Many of you own forest land. I recall from my faculty days at Penn State that one in ten Pennsylvania families owns forested property. Your forest acreage, whether in New Hampshire, Alabama, or Kansas, has its own story, written on the land and still retained within the family’s written and oral history. Contact me if you’d like to have your own Forest Land Legacy Story told and interpreted for prosperity (https://stevejonesgbh.com/legacy-stories/). Every stand expresses sentiment and symbolizes special meaning and memory.

For example, at Cathedral, I found and photographed one giant that spoke to me of life and living. It reached for the light with a rough ladder… a Stairway to Heaven. A symbol for both our need to reach beyond our own grasp, and to reach for something larger than our meager selves:

As I’ve observed time and again, every lesson for living, learning, serving, and leading is either written indelibly in or is powerfully inspired by Nature.

Revisiting Cathedral State Park still generates a deep sense of humility and full inspiration. Although fading, the forest still touches my core. I absorbed those few hours via my five portals — heart, mind, body, soul, and spirit. Even a snow-covered foot-bridge over a late fall flowing stream evokes wonder, awe, and appreciation:

 

I also felt a sharp melancholy. A realization that nothing stays the same. That time marches onward, and we are taken along for a ride, powered by forces beyond our control. We can only do what we can within its current, making some small differences as we may. Making the most of the voyage, and always conscious of our responsibility to steward the land and leave it better for those who follow.

 

 

 

Fairmont State University – An Aerial Perspective

I’m a spatial (not at all special) guy. Over my field forester days and subsequent positions, I’ve enjoyed many hours airborne, face pressed to the windows. Whether on commercial airline ascent or descent (not much to see from 30,000-foot cruising altitudes), or evaluating land exchanges via chopper, I interpret the landscape much more clearly than from ground level. While on a site/stand-scale nothing beats boots on the ground, the 1,000 to 1,500-foot vantage point opens the land (and my eyes) to an ecosystem scale.
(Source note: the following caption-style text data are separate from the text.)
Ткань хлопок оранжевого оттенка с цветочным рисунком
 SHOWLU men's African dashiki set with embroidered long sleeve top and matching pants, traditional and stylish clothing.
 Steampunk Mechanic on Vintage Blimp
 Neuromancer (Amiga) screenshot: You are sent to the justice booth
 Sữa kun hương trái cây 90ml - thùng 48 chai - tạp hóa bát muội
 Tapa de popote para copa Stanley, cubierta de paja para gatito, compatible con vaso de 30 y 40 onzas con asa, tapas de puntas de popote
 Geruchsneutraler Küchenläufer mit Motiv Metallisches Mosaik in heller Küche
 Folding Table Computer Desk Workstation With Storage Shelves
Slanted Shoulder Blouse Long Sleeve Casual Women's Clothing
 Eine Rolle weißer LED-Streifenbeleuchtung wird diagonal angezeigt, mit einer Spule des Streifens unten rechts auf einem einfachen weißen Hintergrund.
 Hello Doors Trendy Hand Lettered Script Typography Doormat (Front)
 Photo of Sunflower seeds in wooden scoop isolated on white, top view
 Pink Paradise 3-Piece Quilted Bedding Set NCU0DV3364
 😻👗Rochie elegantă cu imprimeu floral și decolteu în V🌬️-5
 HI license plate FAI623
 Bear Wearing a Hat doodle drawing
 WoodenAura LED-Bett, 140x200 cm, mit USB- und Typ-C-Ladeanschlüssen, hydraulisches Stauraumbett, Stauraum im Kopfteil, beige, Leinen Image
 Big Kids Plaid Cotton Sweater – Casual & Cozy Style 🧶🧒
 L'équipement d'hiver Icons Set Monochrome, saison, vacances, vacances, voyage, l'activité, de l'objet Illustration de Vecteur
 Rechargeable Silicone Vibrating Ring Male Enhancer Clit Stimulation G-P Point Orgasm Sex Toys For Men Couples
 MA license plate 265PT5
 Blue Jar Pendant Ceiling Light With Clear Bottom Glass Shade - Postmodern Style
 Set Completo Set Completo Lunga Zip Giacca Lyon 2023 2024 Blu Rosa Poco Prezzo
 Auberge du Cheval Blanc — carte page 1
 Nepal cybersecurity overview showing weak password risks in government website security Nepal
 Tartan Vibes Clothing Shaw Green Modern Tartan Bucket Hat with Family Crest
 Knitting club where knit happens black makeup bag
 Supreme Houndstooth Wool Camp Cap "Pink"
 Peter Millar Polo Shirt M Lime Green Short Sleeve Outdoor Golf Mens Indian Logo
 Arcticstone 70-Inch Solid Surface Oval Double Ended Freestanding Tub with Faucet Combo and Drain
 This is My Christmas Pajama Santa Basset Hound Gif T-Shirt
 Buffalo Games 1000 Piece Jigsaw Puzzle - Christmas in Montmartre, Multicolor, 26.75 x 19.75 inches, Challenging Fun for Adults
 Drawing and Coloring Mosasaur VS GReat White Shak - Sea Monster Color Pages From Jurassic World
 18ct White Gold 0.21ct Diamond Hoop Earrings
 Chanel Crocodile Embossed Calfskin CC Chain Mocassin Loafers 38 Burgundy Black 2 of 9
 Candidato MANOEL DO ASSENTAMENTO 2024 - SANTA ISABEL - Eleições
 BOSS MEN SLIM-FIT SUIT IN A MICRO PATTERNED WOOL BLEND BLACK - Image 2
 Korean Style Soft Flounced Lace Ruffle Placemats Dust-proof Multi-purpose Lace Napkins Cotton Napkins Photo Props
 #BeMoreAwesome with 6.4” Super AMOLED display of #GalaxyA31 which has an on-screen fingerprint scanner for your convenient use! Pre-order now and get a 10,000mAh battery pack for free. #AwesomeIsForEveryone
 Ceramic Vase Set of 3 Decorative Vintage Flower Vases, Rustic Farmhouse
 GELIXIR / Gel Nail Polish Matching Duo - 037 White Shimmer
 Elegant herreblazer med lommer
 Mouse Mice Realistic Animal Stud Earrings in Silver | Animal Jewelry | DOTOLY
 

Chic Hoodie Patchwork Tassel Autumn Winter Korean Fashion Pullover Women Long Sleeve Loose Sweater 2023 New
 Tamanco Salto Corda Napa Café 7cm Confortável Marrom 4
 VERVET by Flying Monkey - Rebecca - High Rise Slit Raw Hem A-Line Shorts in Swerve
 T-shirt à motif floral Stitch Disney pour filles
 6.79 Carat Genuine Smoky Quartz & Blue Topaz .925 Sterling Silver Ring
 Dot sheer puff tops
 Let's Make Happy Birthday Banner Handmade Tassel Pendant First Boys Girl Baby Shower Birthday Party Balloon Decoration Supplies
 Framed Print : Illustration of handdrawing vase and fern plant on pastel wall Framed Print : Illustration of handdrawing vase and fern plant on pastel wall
I had been wanting to view FSU and our community by air since accepting this interim appointment. December 15, the agents of aircraft, pilot, earth, and sky aligned… just a week from my final day on campus. Joel Kirk, one of our FSU pilot flight instructors (and retired Marine flight instructor), took me up late morning. We didn’t have a lot of room to maneuver under a scuzzy 1,500-foot ceiling. I did not complain! Finally, I could see the world unfold beyond the Interstate, which in this view lies a mile or so to the left.

Imagine the river as a route of exploration and commerce, predating European settlement by millennia. Its valley as a path of least resistance for roadways and rail-beds. Water and gravity over the long course of time shaped the local topography. These hills are water-carved from nearly pancake geology. Road cuts reveal flat strata, one layer neatly lying above the next. Coal mines beneath these hills follow rich seams horizontally. Yet another of Nature’s revelations, the coal and natural gas tell the story of layering of a different sort. Deep (and deeper-still) time transformed Pennsylvanian/Permian forests/swamps/bogs to these fossil fuels that power our industrial society. Amazing what a mere 250-300 million years can accomplish! That’s some 110 billion sunrises. Here in north-central WV, many people have died harvesting that ancient plant-stored sunshine.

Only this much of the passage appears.